Teaching

I have taught at London School of Economics and ETH Zürich. At LSE I have supervised two MSc dissertations. At ETH Zürich I have co-advised one BSc thesis and one semester paper.

At London School of Economics

Fall 2018 (planned), 2017, 2016, 2014
Game Theory
Bachelor and Master-level course, also offered as distance learning course by University of London
Course guide: MA300.1, MA301, MA402
The course studies the theory of games and its applications in economics: Game trees with perfect information, NIM, combinatorial games. Backward induction. Extensive and strategic (normal) form of a game. Nash equilibrium. Commitment. Zero sum games, mixed strategies. Maxmin strategies. Nash equilibria in mixed strategies. Finding mixed-strategy equilibria for two-person games. Extensive games with information sets, behaviour strategies, perfect recall. If time permits: The Nash bargaining solution.
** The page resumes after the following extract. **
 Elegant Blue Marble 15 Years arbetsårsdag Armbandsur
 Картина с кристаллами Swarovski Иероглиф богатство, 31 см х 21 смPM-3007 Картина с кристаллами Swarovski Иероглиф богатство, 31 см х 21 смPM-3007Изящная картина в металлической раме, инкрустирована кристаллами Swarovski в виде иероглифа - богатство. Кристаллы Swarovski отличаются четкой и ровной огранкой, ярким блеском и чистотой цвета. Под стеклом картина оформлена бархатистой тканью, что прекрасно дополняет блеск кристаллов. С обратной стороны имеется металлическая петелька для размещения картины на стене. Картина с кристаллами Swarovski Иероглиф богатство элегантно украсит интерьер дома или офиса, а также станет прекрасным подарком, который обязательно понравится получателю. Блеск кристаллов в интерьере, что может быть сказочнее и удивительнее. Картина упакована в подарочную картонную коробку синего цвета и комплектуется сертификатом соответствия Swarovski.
Multistage bargaining.
Lecture notes and slides: Moodle (restricted)

Spring 2019 (planned), 2018, 2015
Algorithms and Programming
Bachelor level-course
Course guide: MA314
This course provides the basic toolbox for the design and analysis of algorithms, with programming exercises in Python: Do you know how to multiply integers?; Sorting algorithms, Big-O notation; Working with Big-O Notation, Heap Sort; QuickSort, Beyond worst-case analysis, Randomized QuickSort; Lower bounds for comparison sorts, Sorting in linear time; Lists in Python, Stacks, Queues, Hashing; Breadth-first search, Depth-first search; Greedy algorithms: Prim’s algorithm, Dijkstra’s algorithm; Maximum Flow; PageRank and Blockchain
Slides: Moodle (restricted)

At ETH Zürich

Fall 2015
Algorithmic Game Theory
Bachelor, Master, and PhD-level course
Taught together with Peter Widmayer
Course guide: 252-1407-00 L
Game theory provides a good model for the behavior and interaction of the selfish users and programs in large-scale distributed computer systems without central control. The course discusses algorithmic aspects of game theory, such as a general introduction to game theory, auctions, mechanisms, the costs of a central control optimum versus those of an equilibrium under selfish agents, and algorithms and complexity of computing equilibria.
Lecture Notes: ETH Coursepage

Spring 2016
Algorithmic Game Theory Seminar
Master and PhD-level course
Taught together with Peter Widmayer and Sven Seuken
Course guide: 252-4302-00 S
In this seminar, we will discuss advanced topics in economics and computation (list of topics was made available in the kick-off meeting). Students review a paper, independently acquire the necessary background knowledge, and write a ca. 10 pages manuscript. They give a presentation (20 min) on the topic of their paper, and lead a short discussion (10 min) following their presentation. Students support each other as “buddies”.
Course homepage: UZH Coursepage